**Data provided**.
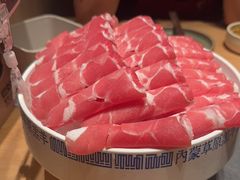 -巴奴毛肚火锅(七宝领展广场店)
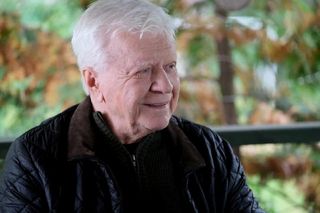 	M jak miłość odc. 1843. Jan Mokrzycki (Wojciech Duryasz)  - przyjaciel Barbary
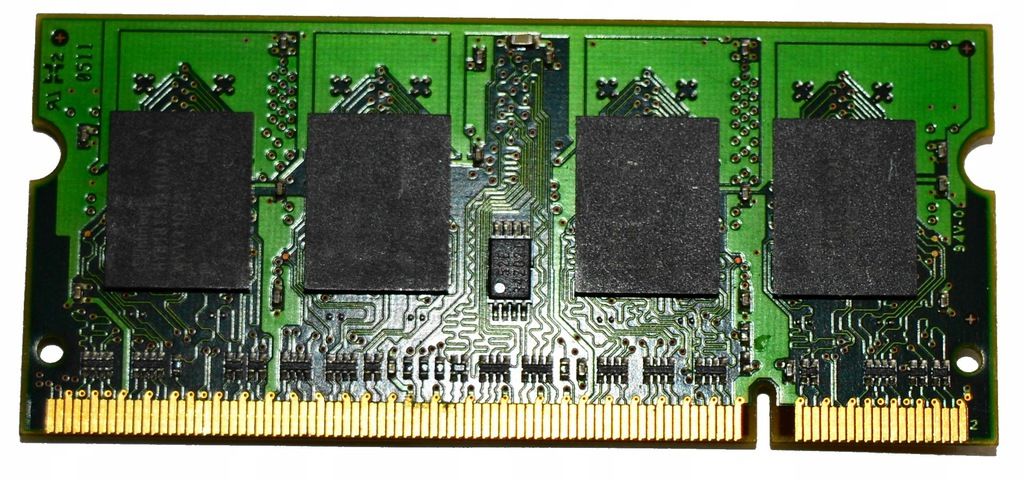 Pamięć DDR2 Infineon HYS64T64020HDL-5-A 512MB 3200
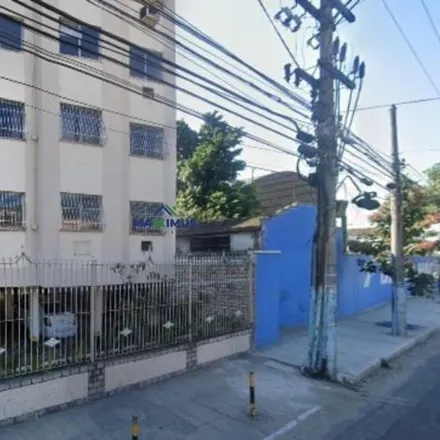Buy this 2 bed apartment on Rua Doutor Alfredo Backer in Alcântara, São Gonçalo - RJ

**What you will do**.
Write out all of the data above exactly, pictures excluded.

**Written solution**.
 -巴奴毛肚火锅(七宝领展广场店)
 	M jak miłość odc. 1843. Jan Mokrzycki (Wojciech Duryasz)  - przyjaciel Barbary
 Pamięć DDR2 Infineon HYS64T64020HDL-5-A 512MB 3200
Buy this 2 bed apartment on Rua Doutor Alfredo Backer in Alcântara, São Gonçalo - RJ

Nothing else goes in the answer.